Work instructions: In the entries that follow, find the line containing "This is a brand" and the line containing "One of the things", then copy exactly everything from the first through the second except the pictures.

(Task input Opens)

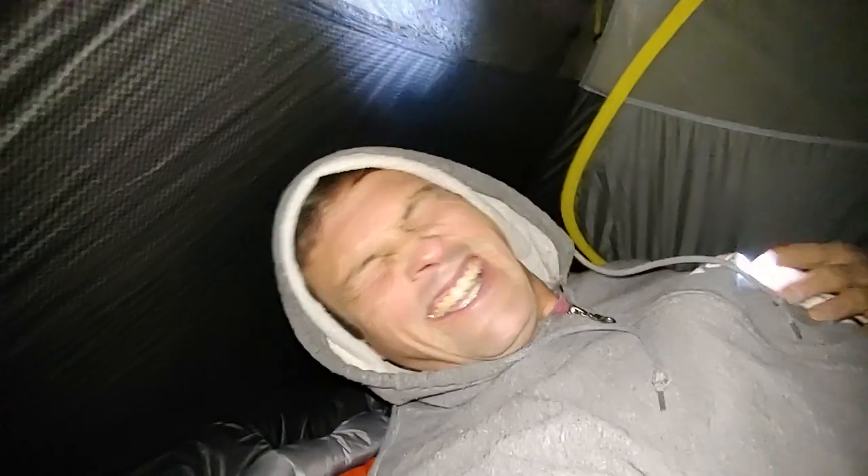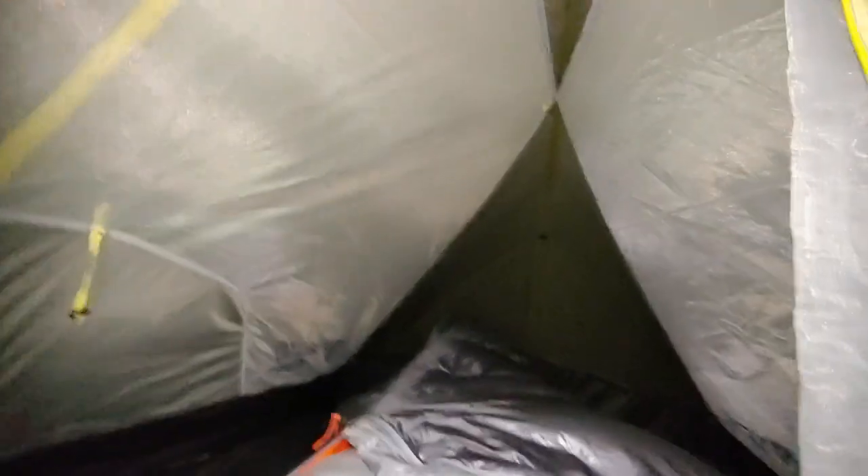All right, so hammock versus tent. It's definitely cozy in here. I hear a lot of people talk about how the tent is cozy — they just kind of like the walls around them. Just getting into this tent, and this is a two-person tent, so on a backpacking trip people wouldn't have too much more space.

(Task input Closes)
(Task input Opens)

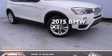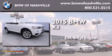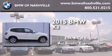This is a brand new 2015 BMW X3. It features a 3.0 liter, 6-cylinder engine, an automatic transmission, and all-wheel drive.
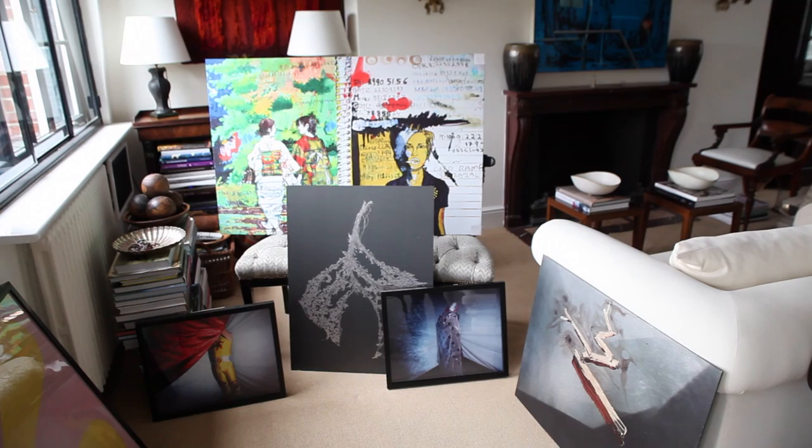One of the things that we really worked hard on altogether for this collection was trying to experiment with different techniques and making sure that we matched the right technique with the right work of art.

(Task input Closes)

Solution:
This is a brand new 2015 BMW X3. It features a 3.0 liter, 6-cylinder engine, an automatic transmission, and all-wheel drive.
One of the things that we really worked hard on altogether for this collection was trying to experiment with different techniques and making sure that we matched the right technique with the right work of art.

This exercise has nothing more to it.